Scraping wallapop

How I scraped wallapop

Hehe, you took the bait? I did not scrap them. Probably scraping their content is illegal. So I did not scrap wallapop per se but tried to extend their built-in functionalities. They can deliver quite inaccurate results for custom-saved searches once a day. Unfortunately, this latency was too high for the kind of product I was interested in and it gave poor results. Instead of pressing f5 every 5 minutes personally, I guess it is fine to program something that does it for you (legitimate purpose mantra accomplished).

It is obvious that search query gets url encoded, so it appeared as a quite straight-forward task. Not that easy bud. Using beautiful soup directly with the query url returned nothing. After inspecting the page source, I noticed that the page is loaded/rendered on the air using react/javascript (excuse me if I am not technically correct because I ignore this kind of jargon/technology). Then I asked god google what I could do next (using python). Some people suggested to use Selenium, so I tried (and succeeded).

Selenium is a webDriver (browser emulator) that have some bindings build upon it, providing an API-like functionalities (e.g. selenium-python). So then, let's go to the point.

bot structure/infinite loop

We'll build a bot that:

  • queries one or more URLs,
  • refine the search using custom filters (string pattern matching)
  • it notifies us through our personal slack if it finds any new item.

I used Slack because it is what I am used to, it has a free version and it does not require to install additional dependencies to use webhooks, ofc you can use whatever you want (e.g. telegram bot, discord ...). If you never did that before, here's an Abhishek's video explaining how to set up webhooks using slack that may come in handy

You can do a first search (try to refine it using price ranges, dates, etc.) and reuse that url, in this post we will use this url as an example query (split for readability):

'https://es.wallapop.com/search?'
    'time_filter=lastWeek&'
    'keywords=thermomix%20lidl&'
    'min_sale_price=100&'
    'max_sale_price=350&'
    'latitude=19.9033824&'
    'longitude=-75.1018545&'
    'filters_source=search_box'

Then, using selenium we will:

  • (click on accept cookies)
  • scroll-down the page so products get loaded and it reaches "show more" button.
  • loop over last point till there are no more items
  • retrieve info from tags using beautiful soup
  • store new (filtered) items in a dataframe and trigger a slack message with the item and the link

I did it with an endless script with 4 functions. I'll briefly comment those functions and then just paste the whole script. (Later me: I'll share the whole script and comment it)
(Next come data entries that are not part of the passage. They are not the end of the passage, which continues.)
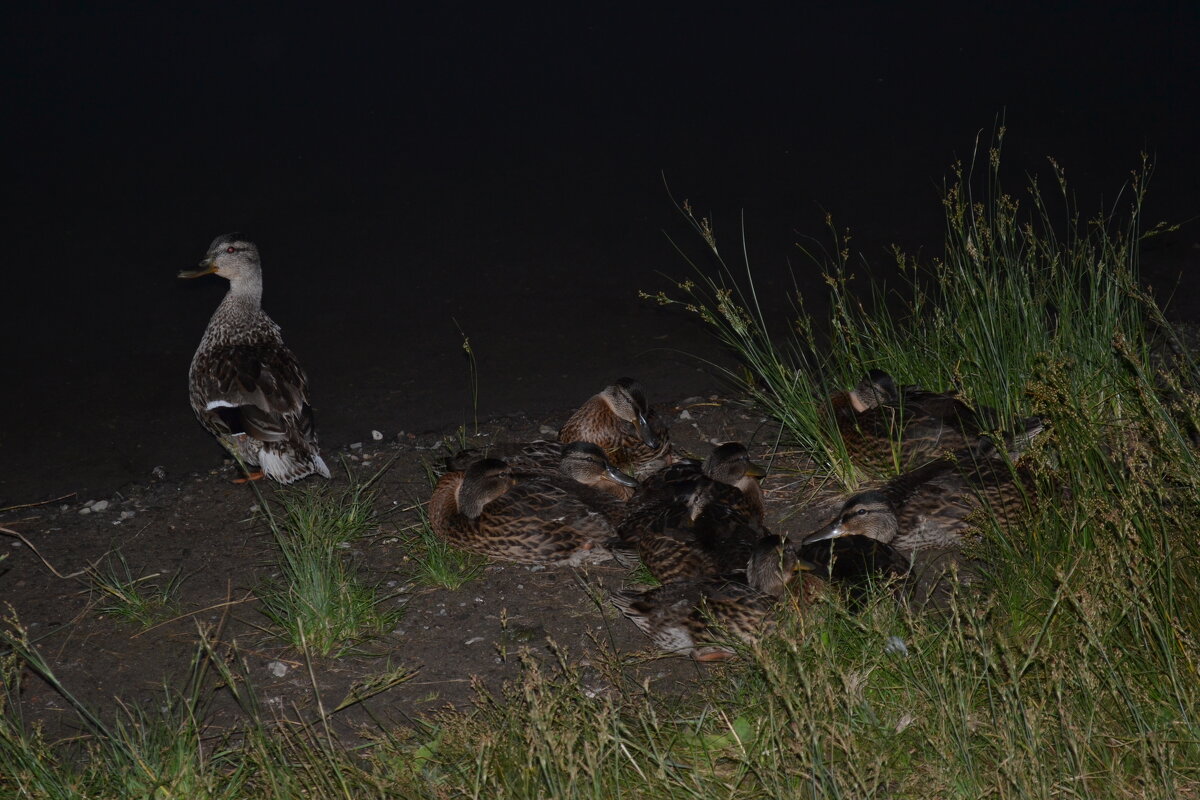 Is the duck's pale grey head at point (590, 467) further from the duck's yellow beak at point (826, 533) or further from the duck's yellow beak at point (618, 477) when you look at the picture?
the duck's yellow beak at point (826, 533)

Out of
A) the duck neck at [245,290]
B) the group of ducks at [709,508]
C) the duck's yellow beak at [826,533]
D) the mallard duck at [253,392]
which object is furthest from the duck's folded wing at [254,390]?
the duck's yellow beak at [826,533]

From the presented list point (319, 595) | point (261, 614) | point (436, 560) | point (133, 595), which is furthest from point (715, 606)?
point (133, 595)

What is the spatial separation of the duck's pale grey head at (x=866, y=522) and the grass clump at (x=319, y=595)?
76.0 inches

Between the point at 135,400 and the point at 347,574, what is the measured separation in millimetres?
3505

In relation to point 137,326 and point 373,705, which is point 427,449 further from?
point 137,326

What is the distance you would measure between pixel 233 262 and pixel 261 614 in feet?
10.9

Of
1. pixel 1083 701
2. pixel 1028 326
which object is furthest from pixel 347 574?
pixel 1028 326

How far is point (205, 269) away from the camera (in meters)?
7.94

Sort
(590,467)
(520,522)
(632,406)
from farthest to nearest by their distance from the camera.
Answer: (632,406)
(590,467)
(520,522)

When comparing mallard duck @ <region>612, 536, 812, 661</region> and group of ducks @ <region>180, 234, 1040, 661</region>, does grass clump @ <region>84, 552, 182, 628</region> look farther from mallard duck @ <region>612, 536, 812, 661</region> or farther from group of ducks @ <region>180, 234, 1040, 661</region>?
mallard duck @ <region>612, 536, 812, 661</region>

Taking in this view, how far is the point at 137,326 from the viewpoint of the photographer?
29.7 feet

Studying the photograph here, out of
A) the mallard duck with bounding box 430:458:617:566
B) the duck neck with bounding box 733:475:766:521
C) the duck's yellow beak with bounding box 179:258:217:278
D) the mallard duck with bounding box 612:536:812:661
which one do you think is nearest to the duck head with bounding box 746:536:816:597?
the mallard duck with bounding box 612:536:812:661

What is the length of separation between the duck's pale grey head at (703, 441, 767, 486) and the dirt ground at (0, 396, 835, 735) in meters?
0.39

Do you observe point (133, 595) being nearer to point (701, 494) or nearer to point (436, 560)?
point (436, 560) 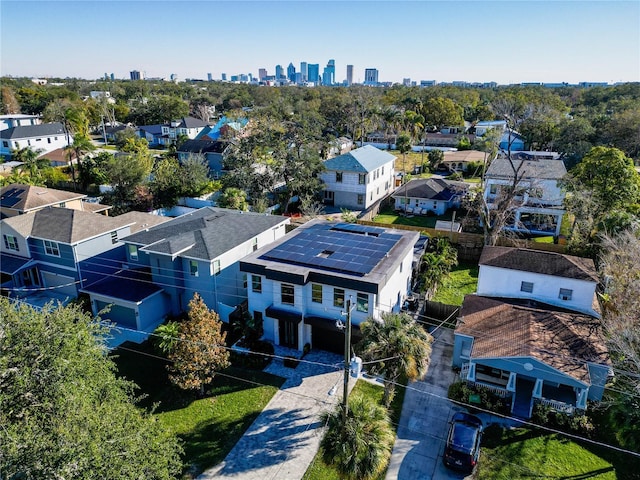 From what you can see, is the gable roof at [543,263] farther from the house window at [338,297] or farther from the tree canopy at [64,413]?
the tree canopy at [64,413]

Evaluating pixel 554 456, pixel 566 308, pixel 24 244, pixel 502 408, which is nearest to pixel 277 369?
pixel 502 408

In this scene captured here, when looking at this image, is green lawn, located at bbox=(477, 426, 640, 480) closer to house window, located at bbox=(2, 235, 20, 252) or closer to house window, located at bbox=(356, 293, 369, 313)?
house window, located at bbox=(356, 293, 369, 313)

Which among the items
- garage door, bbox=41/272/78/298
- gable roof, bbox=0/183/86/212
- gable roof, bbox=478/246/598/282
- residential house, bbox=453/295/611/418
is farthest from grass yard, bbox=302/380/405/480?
gable roof, bbox=0/183/86/212

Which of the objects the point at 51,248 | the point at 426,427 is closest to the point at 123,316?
the point at 51,248

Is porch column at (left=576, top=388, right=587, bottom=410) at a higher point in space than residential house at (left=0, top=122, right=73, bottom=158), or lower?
lower

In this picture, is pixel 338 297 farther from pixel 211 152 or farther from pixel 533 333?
pixel 211 152

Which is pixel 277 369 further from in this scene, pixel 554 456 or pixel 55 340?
pixel 554 456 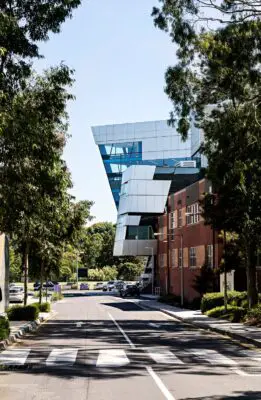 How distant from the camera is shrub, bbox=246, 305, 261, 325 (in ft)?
95.2

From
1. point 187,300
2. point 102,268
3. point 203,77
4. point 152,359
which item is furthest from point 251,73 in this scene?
point 102,268

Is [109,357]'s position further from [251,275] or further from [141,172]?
[141,172]

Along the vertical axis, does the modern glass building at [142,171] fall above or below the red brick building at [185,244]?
above

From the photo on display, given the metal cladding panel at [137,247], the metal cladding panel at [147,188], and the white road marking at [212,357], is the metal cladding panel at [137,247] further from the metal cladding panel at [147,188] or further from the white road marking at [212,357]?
the white road marking at [212,357]

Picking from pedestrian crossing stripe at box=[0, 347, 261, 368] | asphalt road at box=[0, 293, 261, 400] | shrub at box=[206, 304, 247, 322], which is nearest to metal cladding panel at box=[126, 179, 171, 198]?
shrub at box=[206, 304, 247, 322]

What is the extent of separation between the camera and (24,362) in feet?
52.2

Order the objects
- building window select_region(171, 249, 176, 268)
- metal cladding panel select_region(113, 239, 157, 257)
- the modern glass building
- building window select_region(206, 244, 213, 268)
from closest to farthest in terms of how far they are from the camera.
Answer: building window select_region(206, 244, 213, 268)
building window select_region(171, 249, 176, 268)
metal cladding panel select_region(113, 239, 157, 257)
the modern glass building

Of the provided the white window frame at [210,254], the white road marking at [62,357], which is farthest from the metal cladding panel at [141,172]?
the white road marking at [62,357]

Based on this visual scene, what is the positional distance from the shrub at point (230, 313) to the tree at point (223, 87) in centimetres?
614

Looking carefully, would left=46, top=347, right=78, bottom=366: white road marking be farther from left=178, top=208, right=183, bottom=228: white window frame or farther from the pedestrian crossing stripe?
left=178, top=208, right=183, bottom=228: white window frame

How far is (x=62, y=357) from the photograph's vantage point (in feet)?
55.9

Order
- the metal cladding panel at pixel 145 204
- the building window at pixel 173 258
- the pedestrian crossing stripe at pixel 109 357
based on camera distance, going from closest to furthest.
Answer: the pedestrian crossing stripe at pixel 109 357 → the building window at pixel 173 258 → the metal cladding panel at pixel 145 204

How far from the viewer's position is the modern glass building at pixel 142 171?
92.9 meters

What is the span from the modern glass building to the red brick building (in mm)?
12733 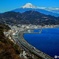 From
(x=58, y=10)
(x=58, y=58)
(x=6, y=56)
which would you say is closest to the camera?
(x=6, y=56)

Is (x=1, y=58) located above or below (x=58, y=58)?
above

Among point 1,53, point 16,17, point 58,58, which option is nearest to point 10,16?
point 16,17

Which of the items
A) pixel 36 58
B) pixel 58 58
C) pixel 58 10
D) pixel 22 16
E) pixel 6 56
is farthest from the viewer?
pixel 58 10

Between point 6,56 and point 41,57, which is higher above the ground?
point 6,56

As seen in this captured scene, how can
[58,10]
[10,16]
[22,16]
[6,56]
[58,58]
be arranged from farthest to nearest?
[58,10] → [22,16] → [10,16] → [58,58] → [6,56]

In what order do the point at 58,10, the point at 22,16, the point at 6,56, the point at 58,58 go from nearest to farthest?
the point at 6,56 < the point at 58,58 < the point at 22,16 < the point at 58,10

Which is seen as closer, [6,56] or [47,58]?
[6,56]

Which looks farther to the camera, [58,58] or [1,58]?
[58,58]

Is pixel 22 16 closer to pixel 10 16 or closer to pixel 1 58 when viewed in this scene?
pixel 10 16

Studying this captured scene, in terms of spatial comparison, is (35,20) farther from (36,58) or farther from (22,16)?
(36,58) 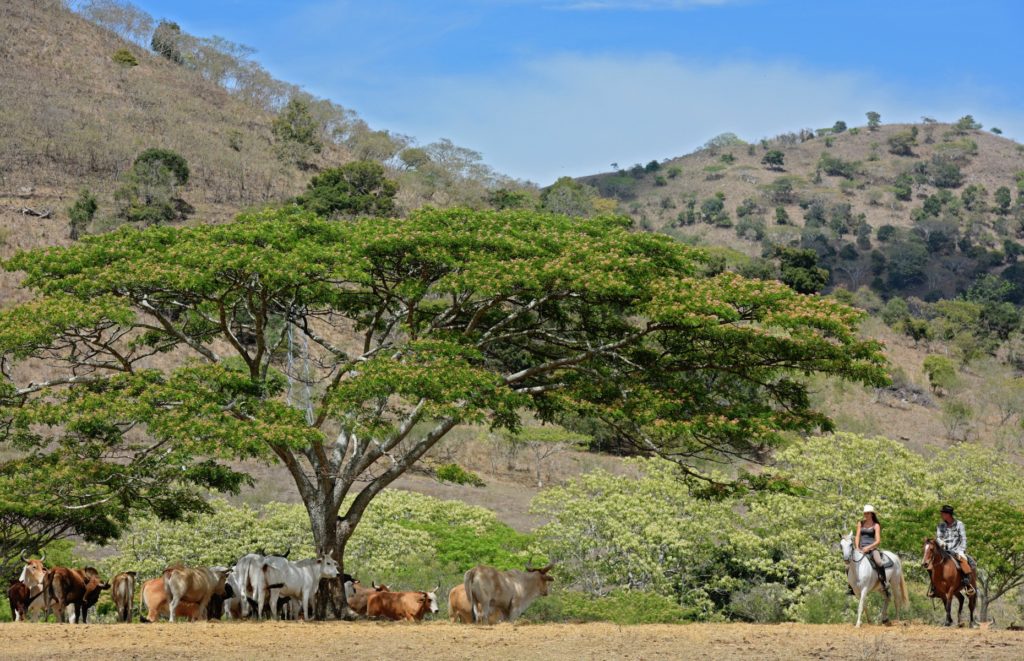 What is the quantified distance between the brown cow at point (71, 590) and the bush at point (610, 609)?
12027mm

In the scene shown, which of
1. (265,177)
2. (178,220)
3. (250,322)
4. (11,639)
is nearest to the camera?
(11,639)

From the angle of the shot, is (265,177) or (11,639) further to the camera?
(265,177)

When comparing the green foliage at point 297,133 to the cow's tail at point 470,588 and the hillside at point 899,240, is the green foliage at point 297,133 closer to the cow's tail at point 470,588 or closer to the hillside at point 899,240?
the hillside at point 899,240

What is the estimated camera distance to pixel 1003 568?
2820 centimetres

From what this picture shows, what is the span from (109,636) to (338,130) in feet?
327

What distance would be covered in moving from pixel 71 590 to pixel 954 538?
14.9 metres

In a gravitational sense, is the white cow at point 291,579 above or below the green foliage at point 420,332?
below

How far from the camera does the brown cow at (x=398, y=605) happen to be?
20.2m

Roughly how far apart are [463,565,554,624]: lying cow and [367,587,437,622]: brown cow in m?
2.09

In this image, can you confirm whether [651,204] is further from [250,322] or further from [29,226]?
[250,322]

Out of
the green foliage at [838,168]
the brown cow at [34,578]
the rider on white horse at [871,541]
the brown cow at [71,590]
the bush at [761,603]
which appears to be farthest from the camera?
the green foliage at [838,168]

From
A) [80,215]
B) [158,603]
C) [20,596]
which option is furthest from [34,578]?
[80,215]

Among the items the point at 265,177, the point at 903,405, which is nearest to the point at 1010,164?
the point at 903,405

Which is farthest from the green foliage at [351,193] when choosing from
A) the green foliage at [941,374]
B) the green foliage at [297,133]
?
the green foliage at [941,374] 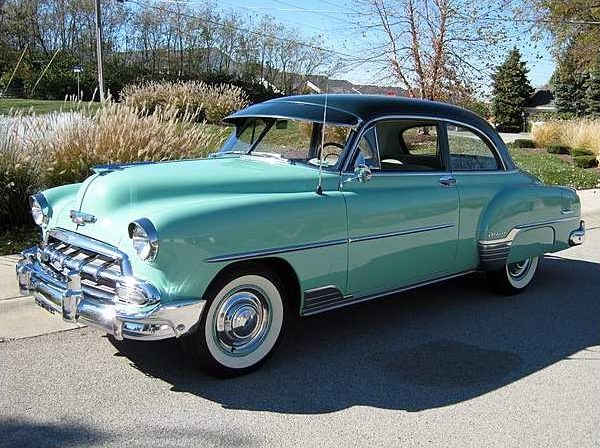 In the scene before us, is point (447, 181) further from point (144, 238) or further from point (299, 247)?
point (144, 238)

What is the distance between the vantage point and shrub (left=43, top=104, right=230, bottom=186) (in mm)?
7676

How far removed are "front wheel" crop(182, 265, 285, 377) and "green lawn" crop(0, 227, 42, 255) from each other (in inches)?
140

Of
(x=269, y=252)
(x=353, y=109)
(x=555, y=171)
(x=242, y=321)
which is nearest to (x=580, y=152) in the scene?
(x=555, y=171)

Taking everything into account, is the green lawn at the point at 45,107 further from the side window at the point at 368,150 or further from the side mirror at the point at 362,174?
the side mirror at the point at 362,174

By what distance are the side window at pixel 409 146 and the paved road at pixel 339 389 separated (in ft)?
4.17

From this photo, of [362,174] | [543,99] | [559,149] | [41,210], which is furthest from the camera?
[543,99]

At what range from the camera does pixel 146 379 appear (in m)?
3.97

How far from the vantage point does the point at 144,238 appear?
3.54m

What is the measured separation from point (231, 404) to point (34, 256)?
5.59ft

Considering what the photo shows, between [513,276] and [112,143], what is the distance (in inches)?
195

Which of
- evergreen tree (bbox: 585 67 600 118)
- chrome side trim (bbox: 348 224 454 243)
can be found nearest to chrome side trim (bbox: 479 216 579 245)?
chrome side trim (bbox: 348 224 454 243)

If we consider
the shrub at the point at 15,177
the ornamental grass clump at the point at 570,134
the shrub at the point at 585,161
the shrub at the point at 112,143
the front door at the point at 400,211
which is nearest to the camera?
the front door at the point at 400,211

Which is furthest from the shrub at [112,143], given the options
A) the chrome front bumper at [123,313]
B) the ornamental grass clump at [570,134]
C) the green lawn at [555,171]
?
the ornamental grass clump at [570,134]

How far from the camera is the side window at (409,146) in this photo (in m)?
5.14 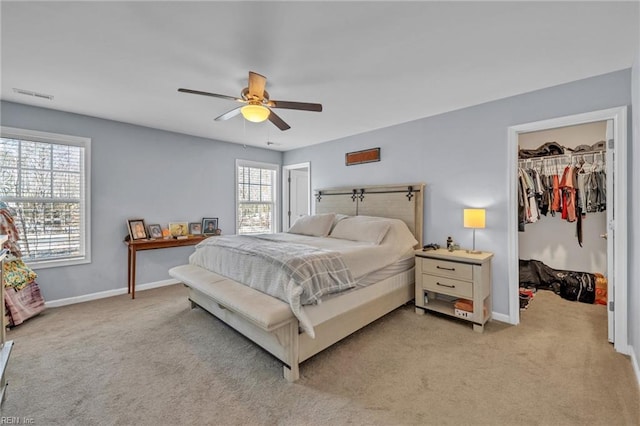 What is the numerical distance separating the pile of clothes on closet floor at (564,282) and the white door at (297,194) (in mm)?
4044

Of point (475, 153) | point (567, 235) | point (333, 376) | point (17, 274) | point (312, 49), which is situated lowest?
point (333, 376)

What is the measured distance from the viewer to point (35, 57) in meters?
2.20

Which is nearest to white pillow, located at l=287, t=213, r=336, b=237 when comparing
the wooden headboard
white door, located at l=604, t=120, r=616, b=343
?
the wooden headboard

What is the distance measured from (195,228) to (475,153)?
4366 millimetres

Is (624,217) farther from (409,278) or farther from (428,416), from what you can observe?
(428,416)

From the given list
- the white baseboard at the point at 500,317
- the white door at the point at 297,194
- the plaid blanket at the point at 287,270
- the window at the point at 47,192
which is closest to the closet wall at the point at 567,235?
the white baseboard at the point at 500,317

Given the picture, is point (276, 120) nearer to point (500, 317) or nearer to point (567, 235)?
point (500, 317)

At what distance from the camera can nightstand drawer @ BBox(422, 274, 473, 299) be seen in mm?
2822

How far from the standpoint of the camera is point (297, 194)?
6168mm

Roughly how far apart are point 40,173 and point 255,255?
3.19 meters

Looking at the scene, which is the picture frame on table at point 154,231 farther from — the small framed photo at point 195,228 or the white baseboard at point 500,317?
the white baseboard at point 500,317

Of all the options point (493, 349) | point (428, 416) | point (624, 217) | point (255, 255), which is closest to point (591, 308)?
point (624, 217)

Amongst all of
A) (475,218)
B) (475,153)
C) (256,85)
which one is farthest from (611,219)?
(256,85)

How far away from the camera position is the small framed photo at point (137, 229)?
12.9 feet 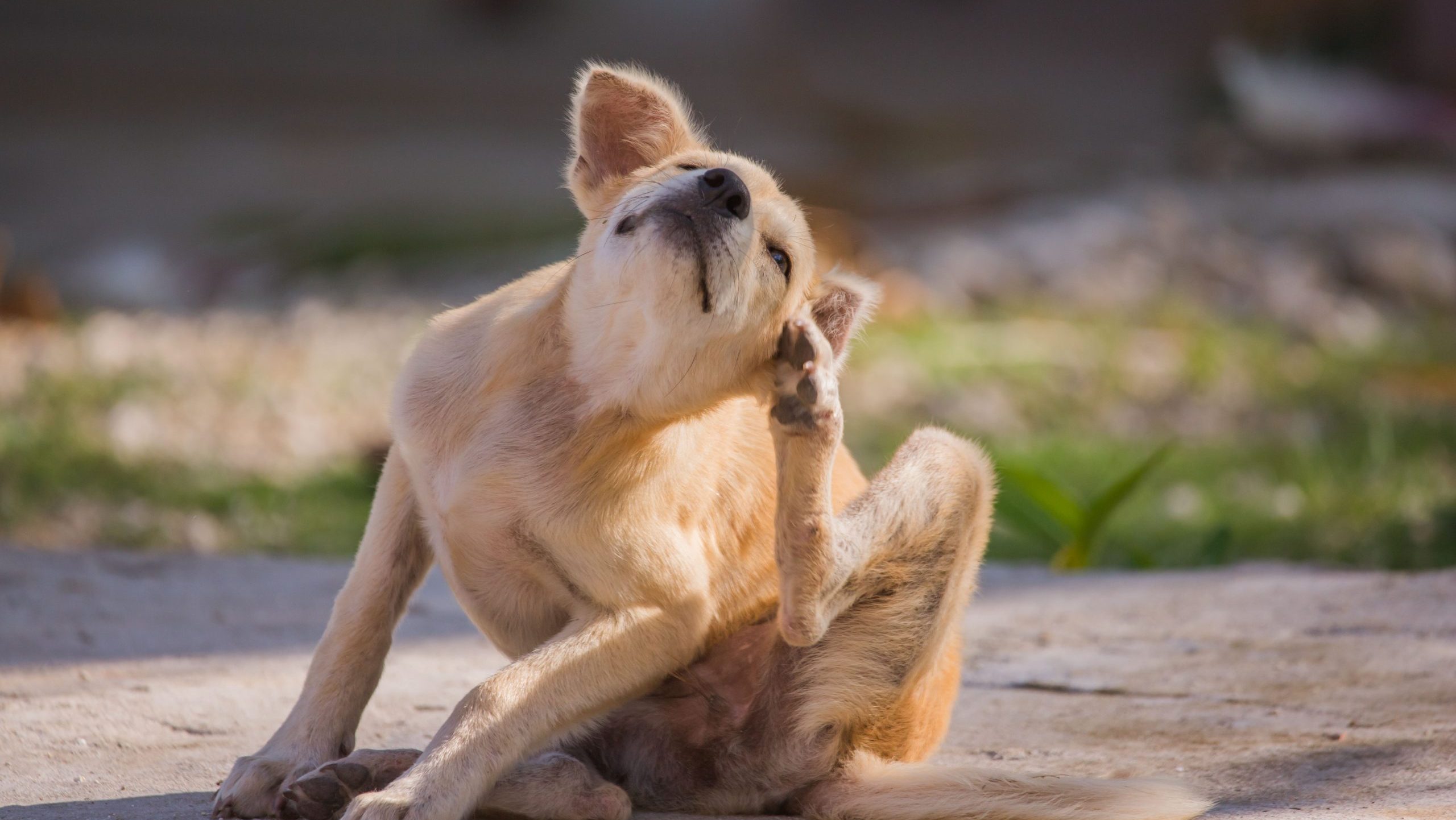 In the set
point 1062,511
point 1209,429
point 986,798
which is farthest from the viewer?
point 1209,429

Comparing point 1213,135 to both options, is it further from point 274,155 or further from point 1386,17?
point 274,155

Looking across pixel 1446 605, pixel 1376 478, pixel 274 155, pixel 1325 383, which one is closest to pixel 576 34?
pixel 274 155

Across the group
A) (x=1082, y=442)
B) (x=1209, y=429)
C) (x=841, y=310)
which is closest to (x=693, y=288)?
(x=841, y=310)

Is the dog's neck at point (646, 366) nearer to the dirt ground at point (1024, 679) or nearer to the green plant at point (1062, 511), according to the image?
the dirt ground at point (1024, 679)

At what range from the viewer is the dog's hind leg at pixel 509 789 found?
2.57 metres

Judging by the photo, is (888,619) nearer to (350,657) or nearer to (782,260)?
(782,260)

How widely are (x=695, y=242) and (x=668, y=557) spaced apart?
22.1 inches

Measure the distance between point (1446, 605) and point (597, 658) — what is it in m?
2.55

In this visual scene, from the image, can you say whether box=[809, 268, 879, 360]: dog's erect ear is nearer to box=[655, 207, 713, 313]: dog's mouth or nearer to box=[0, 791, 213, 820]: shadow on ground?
box=[655, 207, 713, 313]: dog's mouth

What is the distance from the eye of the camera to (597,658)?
2623 mm

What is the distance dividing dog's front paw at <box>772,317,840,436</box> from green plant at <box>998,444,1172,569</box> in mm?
2088

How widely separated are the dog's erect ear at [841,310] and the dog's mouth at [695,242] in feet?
1.01

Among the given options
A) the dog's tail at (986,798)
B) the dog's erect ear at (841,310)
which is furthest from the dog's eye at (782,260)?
the dog's tail at (986,798)

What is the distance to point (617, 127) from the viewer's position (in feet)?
10.4
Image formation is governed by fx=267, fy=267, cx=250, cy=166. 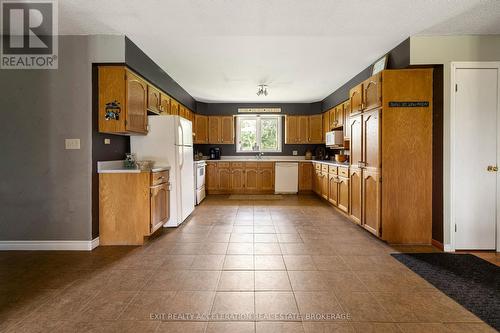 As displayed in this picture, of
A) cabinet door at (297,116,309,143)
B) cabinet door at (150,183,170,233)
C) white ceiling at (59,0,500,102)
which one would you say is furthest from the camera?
cabinet door at (297,116,309,143)

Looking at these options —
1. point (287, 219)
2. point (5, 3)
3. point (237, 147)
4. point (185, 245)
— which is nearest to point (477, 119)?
point (287, 219)

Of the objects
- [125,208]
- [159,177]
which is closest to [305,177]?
[159,177]

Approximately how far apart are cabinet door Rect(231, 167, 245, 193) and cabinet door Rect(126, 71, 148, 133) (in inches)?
132

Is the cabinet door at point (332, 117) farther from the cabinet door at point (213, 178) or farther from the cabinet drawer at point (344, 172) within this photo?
the cabinet door at point (213, 178)

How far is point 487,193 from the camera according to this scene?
3.02m

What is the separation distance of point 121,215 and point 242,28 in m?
2.56

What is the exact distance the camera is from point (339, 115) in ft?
18.5

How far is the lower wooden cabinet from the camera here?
6.83 meters

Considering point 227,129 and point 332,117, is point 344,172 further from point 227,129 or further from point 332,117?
point 227,129

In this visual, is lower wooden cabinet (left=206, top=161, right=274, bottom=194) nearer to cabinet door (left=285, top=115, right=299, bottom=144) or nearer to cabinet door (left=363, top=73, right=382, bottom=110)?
cabinet door (left=285, top=115, right=299, bottom=144)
Here's the anonymized code (gist). I am not sharing the entire repo because my code ended up intermingled with other stuff/bots and had even poorer coding practices.

import requests # post to webhook
import json # post to webhook
import os # retrieve environmental var webhook
import pandas as pd # build product table
import numpy as np # to generate randomness
import datetime # timestamps on prints
from bs4 import BeautifulSoup # soup the page contents
from selenium import webdriver # browser driver
from selenium.webdriver.common.by import By
from selenium.webdriver.support.ui import WebDriverWait
from selenium.webdriver.support import expected_conditions as EC
from selenium.webdriver.chrome.options import Options  # to suppress the browser
from selenium.webdriver import DesiredCapabilities
import time # sleeps


# fixed settings
SCROLL_PAUSE_TIME = 5
SLEEP_BETWEEN_CRAWL = 300

urls = [(
    'https://es.wallapop.com/search?'
    'time_filter=lastWeek&'
    'keywords=thermomix%20lidl&'
    'min_sale_price=100&'
    'max_sale_price=350&'
    'latitude=19.9033824&'
    'longitude=-75.1018545&'
    'filters_source=search_box'
)] # add more urls if required.

# filters below are done in product description (?)
words_included = ['thermomix','robot', 'cocina']
words_excluded = ['cecotec', 'taurus']


def report(textstr):
    """report textstr to webhooked slack channel"""
    webhook = os.environ.get('webhook_slack')
    data = {
        'text': textstr
    }
    requests.post(webhook, json.dumps(data))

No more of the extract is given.